La Chronique Agora

Les dures lois de la physique

** Une pensée rôde : l’époque actuelle marque la fin d’une ère.

* Nous soupçonnons que nous arrivons au minimum à la fin de la bulle du crédit… et la fin de la bulle de spéculation sur les actifs qu’elle a engendrée. Nous arrivons probablement à la fin de l’Ere Dollar dans le système monétaire mondial. L’empire américain semble lui aussi entamer sa descente ; il gaspille ses ressources à un rythme si rapide qu’il est difficile de voir où il trouvera l’argent pour se développer.

* L’un des thèmes de la Chronique Agora, c’est ce qu’on pourrait appeler le "pic" de la civilisation occidentale. Le pouvoir et l’argent bougent, de l’Occident vers l’Orient.

* "C’est incroyable", nous dit un ami de retour de Shanghai. "Les bâtiments… les gens… on dirait une ville du futur… et tout est si incroyablement grand.

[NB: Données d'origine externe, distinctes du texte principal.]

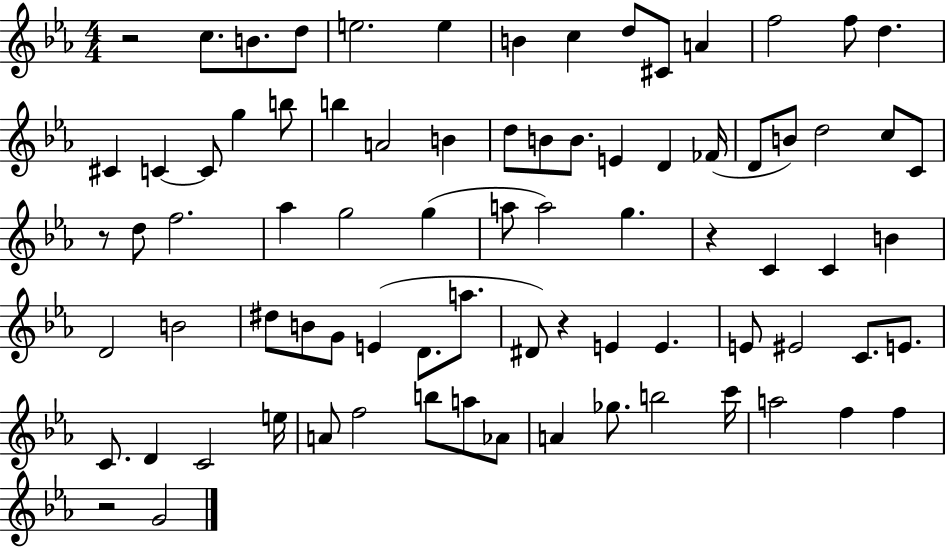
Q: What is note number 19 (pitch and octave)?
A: B5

J’en ai eu le souffle coupé".

* Nous le ressentons aussi… chaque fois que nous voyageons en Orient. Tant de gens… tant d’énergie.

* L’Occident n’a triomphé sur le reste du monde que récemment — durant les 18ème, 19ème et 21ème siècles. Avant cela, une personne en Inde ou en Chine avait à peu près le même niveau de vie — voire plus élevé — qu’une personne en France ou dans le reste de l’Europe. Puis l’Occident a décollé. Quelle était exactement la source du succès occidental ? Personne ne le sait. Mais une innovation a peut-être été essentielle : l’Ouest a transformé la matière en énergie… puis à nouveau en matière… à un rythme plus rapide que jamais auparavant. En Orient, seul le Japon s’est approché de cela — mais pas avant que des navires de guerre américains ne montrent au pays combien de retard il avait pris. Puis, après une période vertigineuse d’imitation et de croissance, au début du 20ème siècle, la machine militaire japonaise a pu défier les Russes — avec succès –, et les Américains — sans succès.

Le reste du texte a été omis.